Given records:
+===+

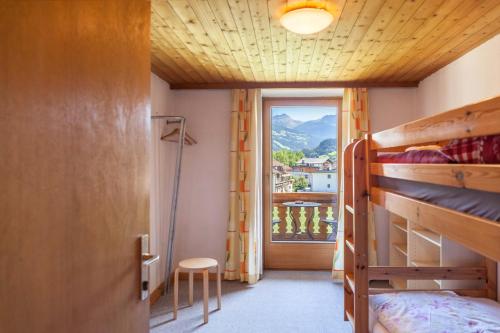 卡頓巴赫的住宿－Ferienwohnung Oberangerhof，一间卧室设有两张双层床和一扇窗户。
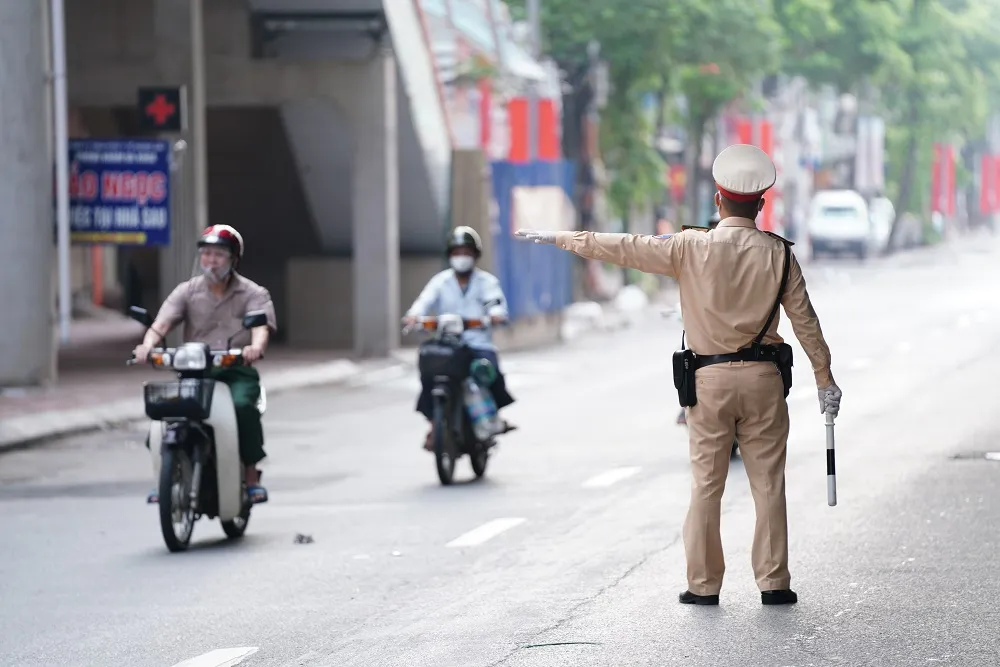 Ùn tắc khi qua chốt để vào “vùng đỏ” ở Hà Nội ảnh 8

+===+

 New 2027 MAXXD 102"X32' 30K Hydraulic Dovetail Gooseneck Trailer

+===+

What this task involves: Reproduce exactly the lines above starting at the line containing "卡頓巴赫的住宿－Ferien" and ending at the line containing "Ùn tắc khi qua", including both, but not the pictures.

Output of the exercise:
 卡頓巴赫的住宿－Ferienwohnung Oberangerhof，一间卧室设有两张双层床和一扇窗户。
 Ùn tắc khi qua chốt để vào “vùng đỏ” ở Hà Nội ảnh 8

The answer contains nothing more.